While all this is occurring, we meet other characters. The neighbors, Bette and Tina, are the longterm lesbian couple trying to have a baby. Shane is the one of the group that sleeps with anything and everything because love is a bitch and sex is just that, sex. You also have a tennis pro, Dana, who also comes out as lesbian during the process of the season, only after losing a relationship because of her closeted status. We also have another writer, Alice, who is also bisexual and can’t decide between one or the other. The cast also includes Bette’s sister, Kit.

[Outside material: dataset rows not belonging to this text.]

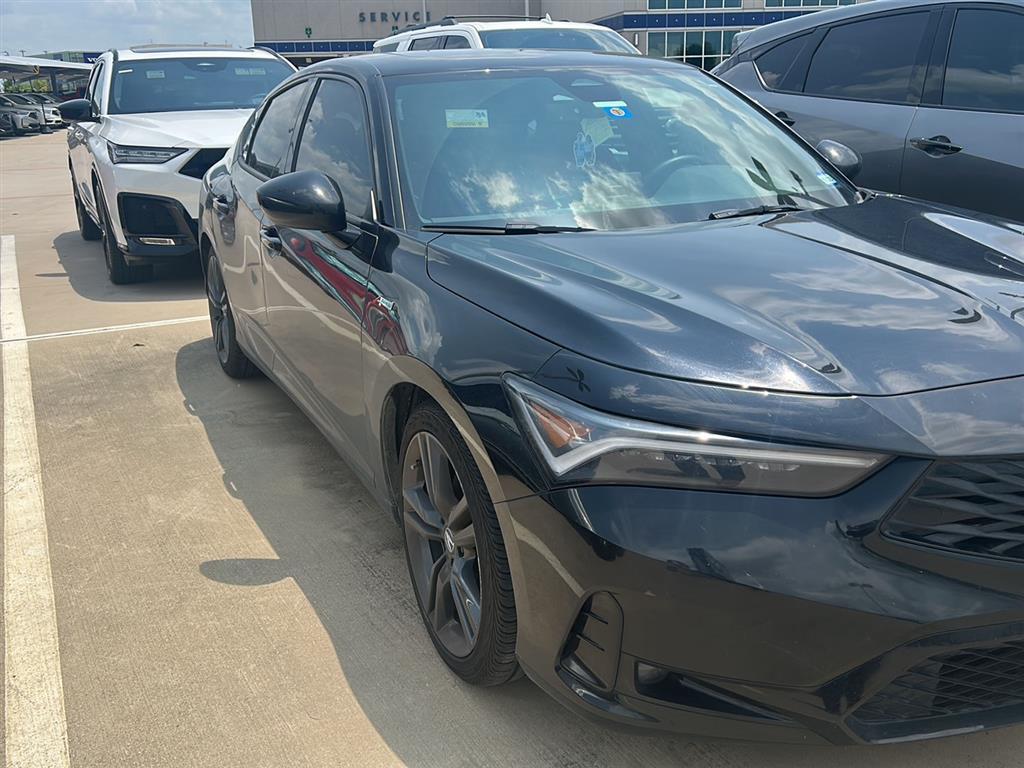 used 2024 Acura Integra car, priced at $29,795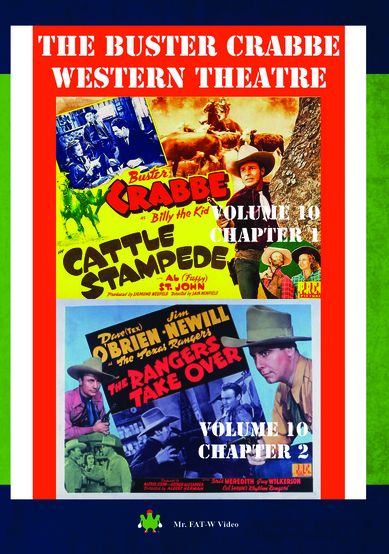 The Buster Crabbe Western Theatre: Volume 10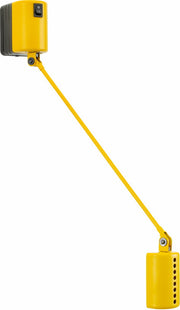 applique-murale-en-metal-jaune-mat-daphine-parete-lumina-1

Through the first season, we were twisted and turned as we watched what happened to the women we loved or hated live their lives out on the screen for us on a weekly basis. Everyone had their favorite or their most hated. In season one, the majority of the hate surrounded Jenny’s character. Why couldn’t she just make up her mind was the question everyone kept asking?
The season ended in April, and the word was that the show would not return to the following year for the next season. Yes about ten months of waiting to see what would happen next in the lives of the women we had grown to love and loved to watch on a weekly basis. However, for anyone used to Showtime it wasn’t unusual. The same type of scheduling had also occurred when it came to Queer as Folk.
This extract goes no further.